Firstly, researchers at Leeds Trinity University have an interest in and a past record of researching tinnitus as condition. It appeals in particular to psychologists as tinnitus is a very subjective and personal condition, and one that is hard for others to appreciate. We are seeking to utilise the skills and resources of the university but also to gather interested parties from other universities in order to form a new tinnitus research group that encompasses FOUR UK Universities. Not all of these academics have tinnitus (though some do), so this is a vital starting opportunity to meet people with tinnitus, to hear their stories, and to most readily appreciate what having tinnitus really means. In return, researchers will be presenting their current research, and suggesting interventions and future direction. These include Dr James Jackson (Leeds Trinity University) and Professor David Baguley (University of Nottingham). In addition, Leeds Trinity University is home to the International Research Centre for Interactive Storytelling (IRIS), a research centre keen on undertaking i-documentaries (i-docs) whereby they assist communities in making their own documentary their way. Tinnitus has a story to tell.
People with tinnitus will be able to learn more about their condition, perhaps have a bit of fun along the way, and to contribute to future research. Local self-help groups are invited too. Are certain suggested interventions credible? If not, why not? Here is a chance to make your voices heard.
Audiologists and hearing therapists will also be present, both NHS and private, with three local NHS trusts represented: Bradford Teaching Hospitals NHS Foundation Trust, Leeds Teaching Hospitals NHS Trust and Harrogate and District NHS Foundation Trust. Researchers may research, but it is audiologists and hearing therapists who are best placed to help those with tinnitus.
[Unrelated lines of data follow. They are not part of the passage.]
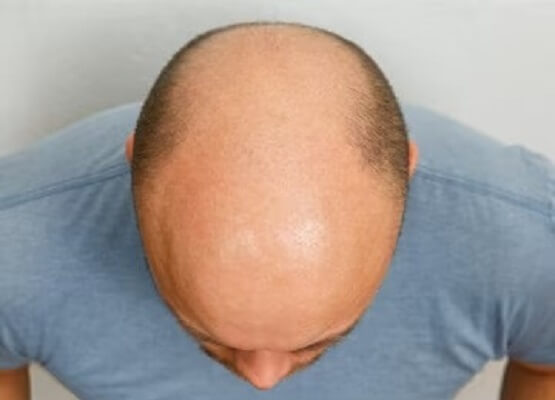 best-hair-loss-treatment-male-after_594393-162-نسخة (1)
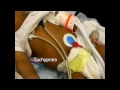Infant Respiratory Distress Signs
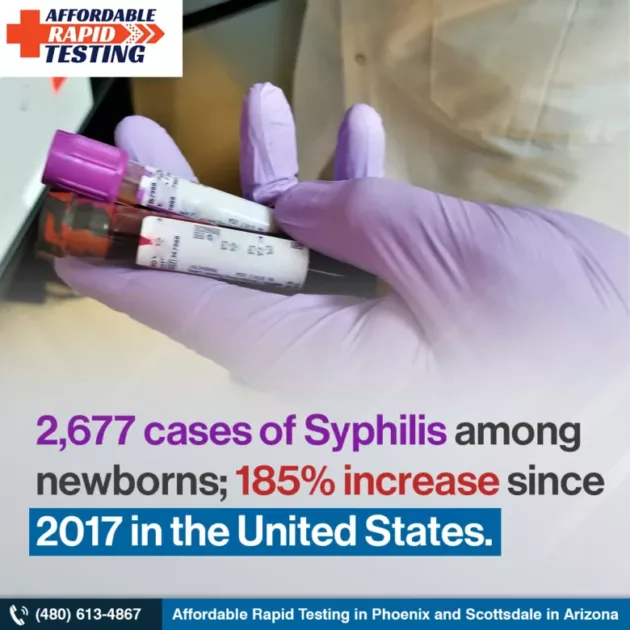 Std,std testing,getting sti test,reliable std testing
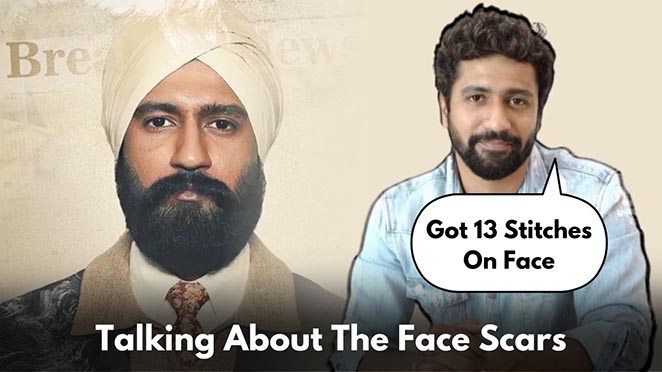 The Scars On Vicky Kaushal's Face In Sardar Udham Singh's Trailer Are Real, He Got 13 Stitches Due To An Injury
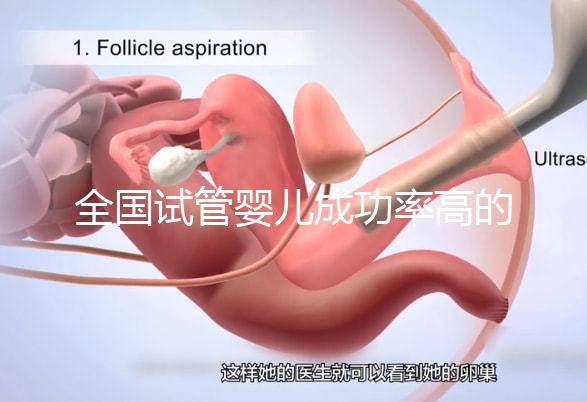 全國試管嬰兒成功率高的醫(yī)院排名，內(nèi)附2023試管費用及成功率參考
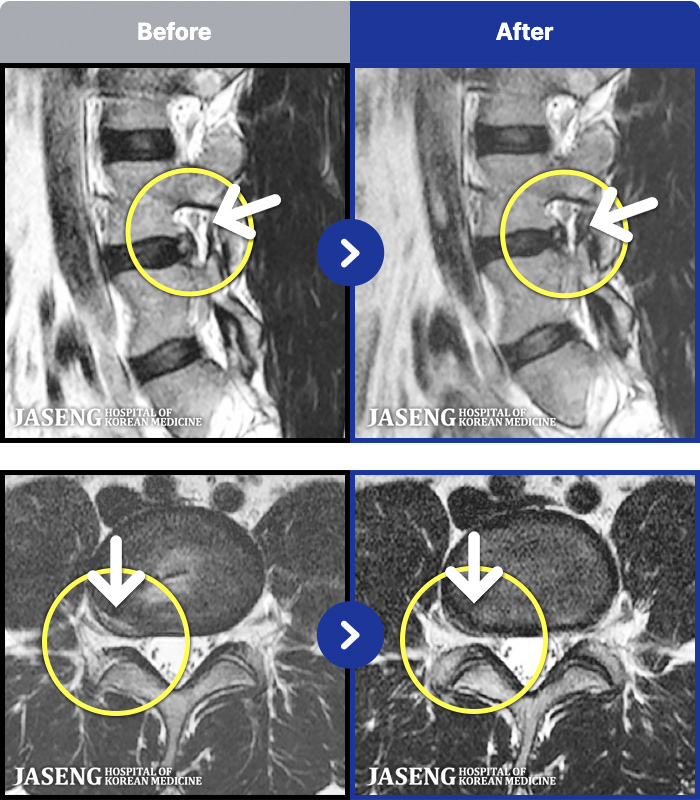 �����ڻ����ǿ� ġ���� MRI�� ���� ġ����-���� �ٸ� ������ �㸮 ������ ���� �ȹٷ� ���� �����, ������ �Բ� �㸮�� ������ �־����� ������ �߻��ߴ�.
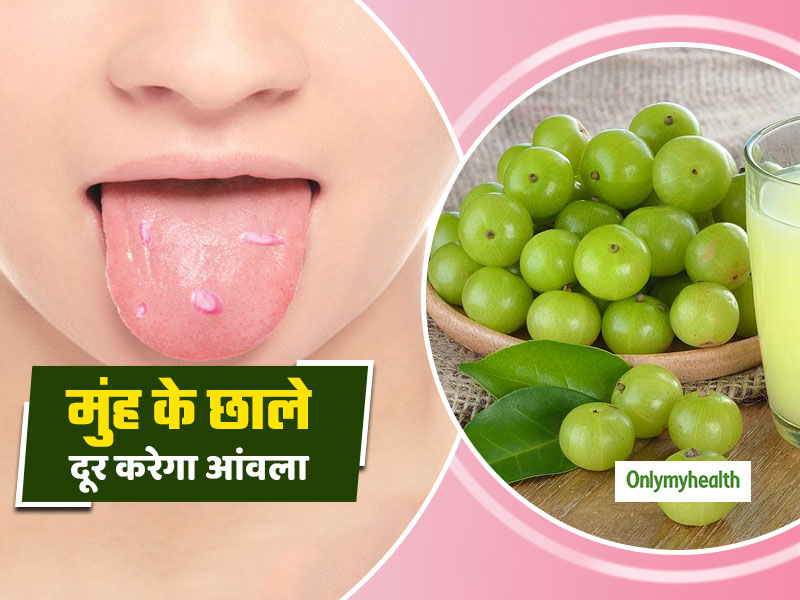 मुंह के छालों को दूर करना है तो इस तरह करें आंवला का सेवन, चंद दिनों में दिखेगा असर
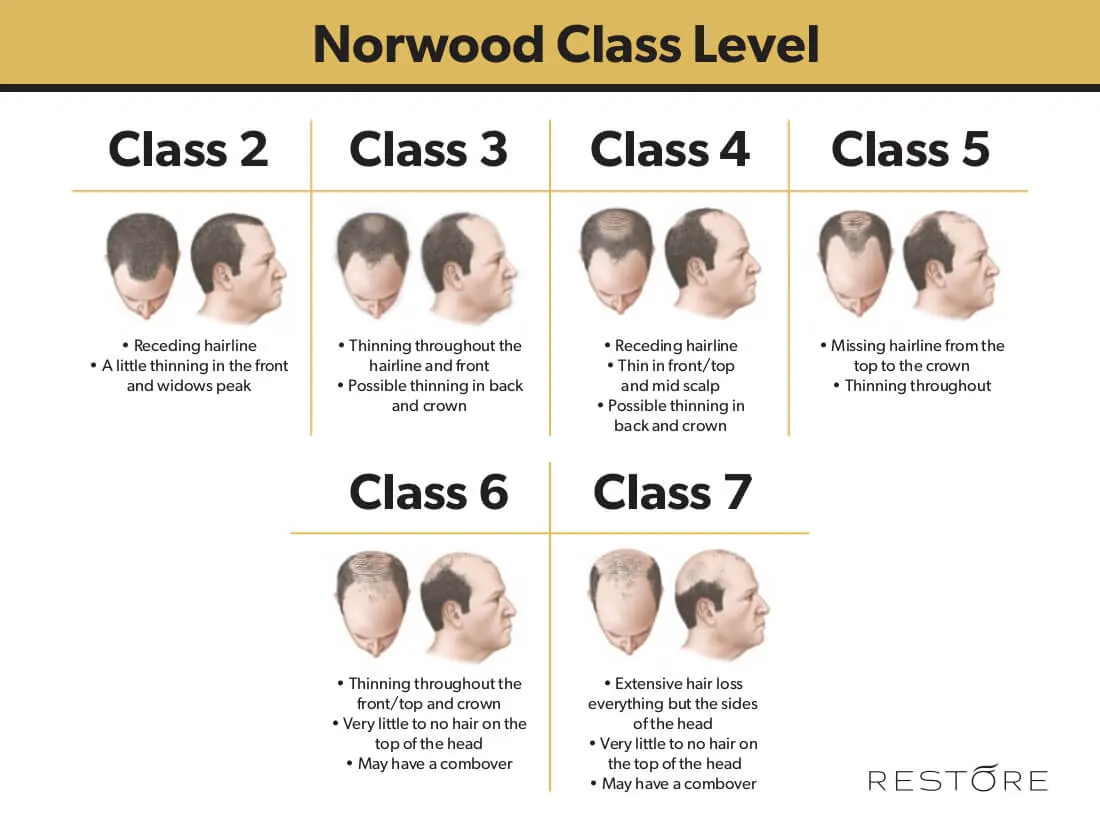 Norwood scale chart showing the stages of male pattern hair loss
Finally, the British Tinnitus Association (BTA) will be present, as will the British Academy of Audiology (BAA) and the Yorkshire and Humber Research Design Service. The latter provides expert help to researchers within the NHS and those wishing to work with the NHS in the design and development of high quality research.
Together, there is going to be a lot of know-how and a wealth of experience in the same place at the same time. We would like to encourage as many people with tinnitus as possible (and friends and family) to join us here at Leeds Trinity University (Saturday 25th March). Everyone will come away knowing something about tinnitus that they didn’t know before, perhaps a few tricks, perhaps some advice on what works best for other people.